I've had my 3DS for a year and only ever got one... Not many people have 3DS here, and if they do, they'd only play at home, have either the console or the streetpass feature turned off.


----------



## StaleCupcake (Oct 5, 2014)

I don't get out much but when I do I make sure to take my DS with me. Whenever I go to a big shopping center I normally get about 12 streetpasses. 
I don't think it's a popular game here as most of the houses are small and mainly filled with Nintendo items. I rarely ever find myself a huge home that someone clearly has worked hard on. 
Also I've never been able get hold of any ice creams, balloons or any other items yet.


----------



## RiceBunny (Oct 6, 2014)

Not often anymore :/ I used to get a few when the game came out. Now I'm lucky if I get one.


----------



## Radda (Oct 6, 2014)

LOL I got one at school once.


----------



## starlark (Oct 6, 2014)

Radda said:


> LOL I got one at school once.



Once xD
I carry my 3DS around with me at school to earn play coins and I very infrequently streetpass someone with Pok?mon Y. I have no idea who it is.


----------



## gumdrop (Oct 6, 2014)

I'm going to Hyper Japan in London in November so I'm hoping I'll get a lot!!


----------



## Dork (Oct 6, 2014)

Spoiler









*never​*


----------



## Pirate (Oct 6, 2014)

Rarely. I don't take my 3DS with me all that often, but when I did before, finding people wasn't easy. The most I came home with was about 4 at max.


----------



## Mephisto Pheles (Oct 7, 2014)

Never.

Because I'm a hermit that never leaves the house.


----------



## Hoppy~Shnell (Oct 7, 2014)

I got at least 10+ a day at school, and at least 4 for New Leaf. ​


----------



## sakurakiki (Oct 7, 2014)

I get about 10+ if it's a college day - depends how many times I check my 3DS. Most of the time I turn off my wireless though as I don't want other people's villagers via Streetpass.


----------



## Mango (Oct 8, 2014)

every hour, but i still have tents so ugh i cant get prizes


----------



## mdchan (Oct 9, 2014)

Almost never.  In fact, I was surprised when I checked my 3ds after a trip to the bookstore (I decided to bring it for the step counter to get fortune cookies), and saw that I had passed 3 people for AC:NL; that was a lot to me.  Most people I streetpass are playing pokemon.
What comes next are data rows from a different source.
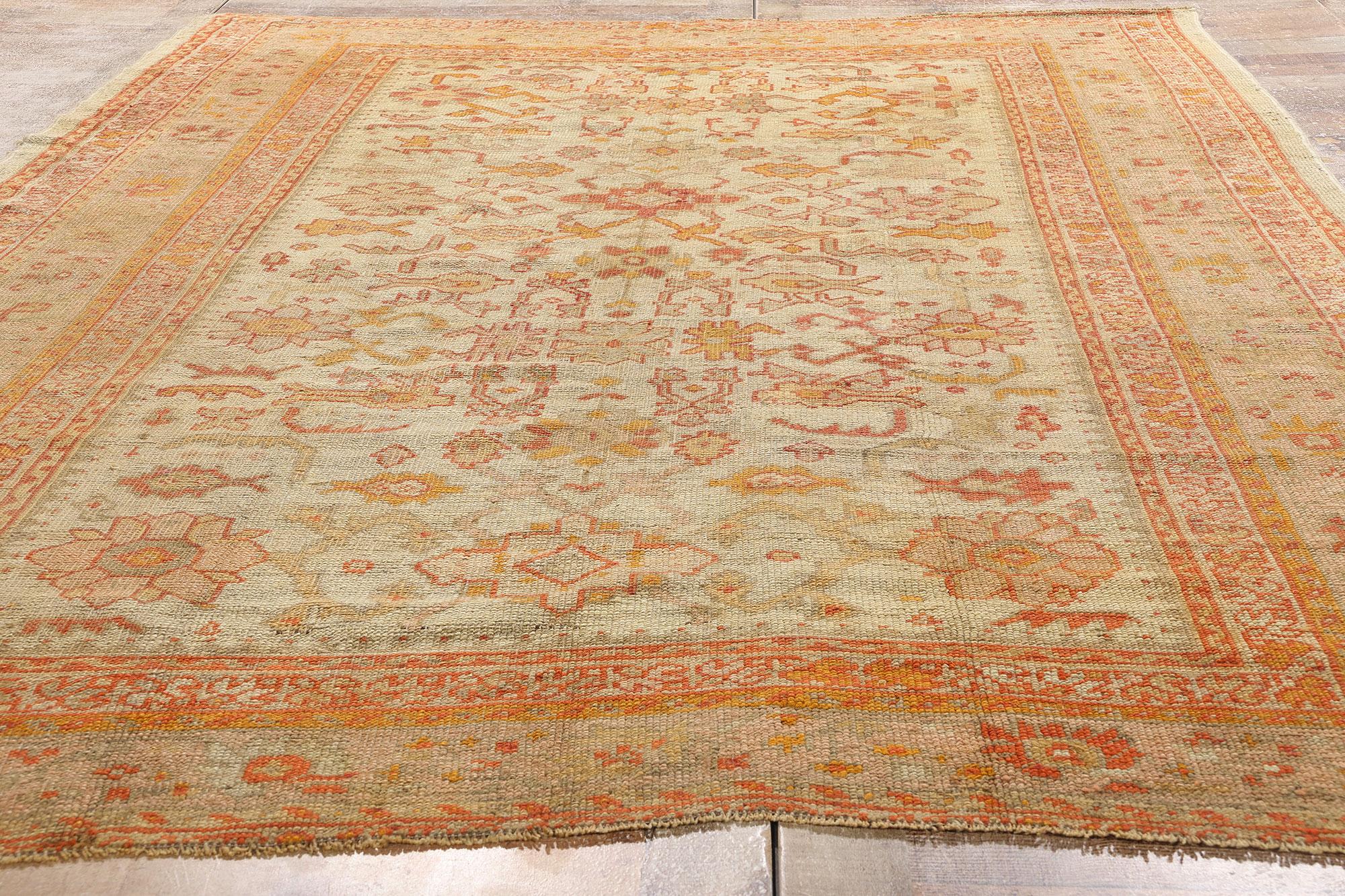 Late 19th Century Turkish Oushak Rug with Traditional Style For Sale 2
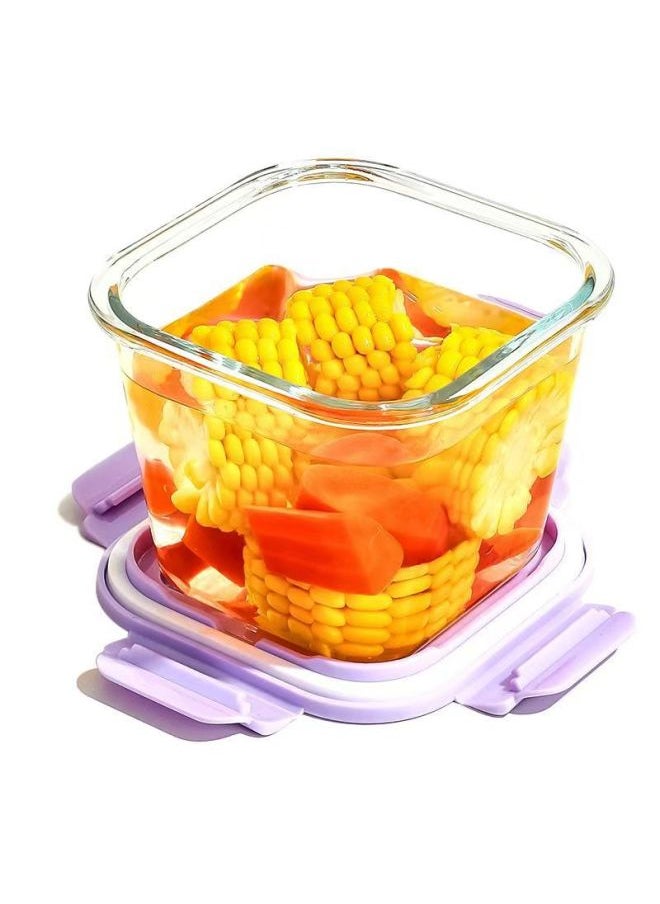 Rectangular Glass Preservation Bowl Microwave Heating Lunch Box Transparent Glass Lunch Box Round Lunch Box Glass-Specifications:Square Soup Bowl 880ml-Color:Pink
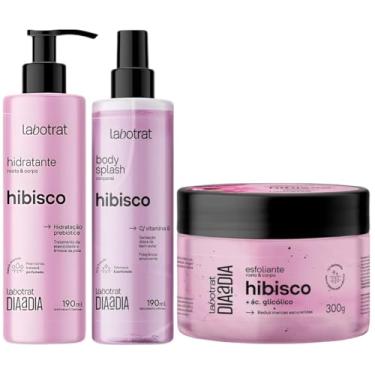 Imagem de Kit Body Splash + Esfoliante + Hidratante Corpo E Rosto Labotrat Cheiro De Fruta Hibisco 300g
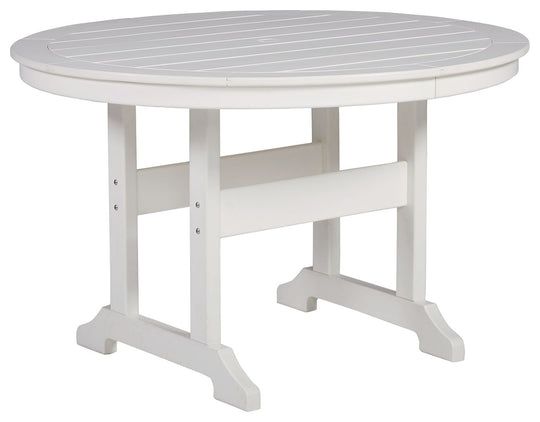 Crescent Luxe - Round Dining Table w/Umb OPT - White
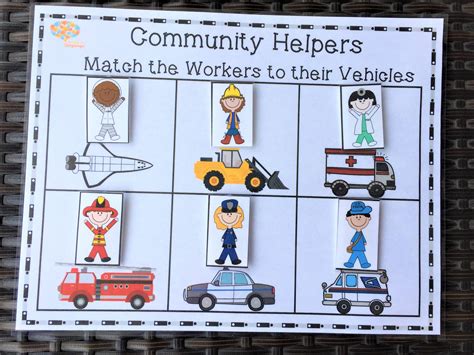 Free Printable Community Helpers Matching Worksheet Learn About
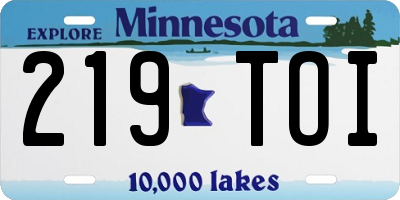 MN license plate 219TOI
That, or Bravely Default; should I ever play that game again, I'll be getting tons of extra villagers (I don't need since everything is completed) for Norende.  >.>


----------



## tamagotchi (Oct 9, 2014)

0.


I have 0 Streetpasses.


----------



## oath2order (Oct 9, 2014)

Got one today


----------



## The Peanut Butter Fish (Oct 9, 2014)

When I went to PAX I had over 99.


----------



## Beachland (Oct 9, 2014)

I haven't had any, I don't take my DS with me anywhere. I keep meaning to when I'm going to places like the mall but then I forget since I'm only used to grabbing my phone and purse


----------



## Melgogs (Oct 12, 2014)

I only ever get em from my sister >:I

I live in an area where I don't think there's many people who play games and such so unless I got into the center of the city (which is a huge pain cus of traffic) I never get streetpasses. I've never gone to a convention with my DS in my bag as I'm always wary of it going missing but I might try that out next time I got to a con to see if I finally get some.


----------



## West8991 (Oct 12, 2014)

Thank god just about everyone I know has a 3DS. I get tons of Streetpasses everyday, which is supprising considdering I live in Tennessee.


----------



## AnnaThePolarBear (Oct 12, 2014)

I'll get about 4 or 5 when I go into town, though there's only about 2 or so people that play ACNL.


----------



## Mekan1 (Oct 13, 2014)

I only have 2, 2 real life friends who play, that is it.


----------



## Trickilicky (Oct 14, 2014)

I get 1 - 2 daily from the other 3DS in our house. But 'real' streetpasses I only really get on days out, like in cities, or at Nintendo Zone places like McDonalds. Sometimes I'll randomly get them when driving through town to do grocery shopping, but that's once in a blue moon unless it's during the school holidays.


----------



## atonnoudjement (Oct 14, 2014)

I almost never get streetpasses, unless from my friends or boyfriend
but no streetpasses from new people really, very, very rarely


----------



## Tinkalila (Oct 14, 2014)

I take my 3DS basically everywhere. I get the most when I go to McDonalds, though. Usually 5 at least. Maybe because it's a "Nintendo Zone"? I also get tons when I go to conventions!


----------



## MishMeesh (Oct 15, 2014)

I can usually get a couple when I go to campus, or to the mall. I streetpass the employees at EB Games a lot, haha.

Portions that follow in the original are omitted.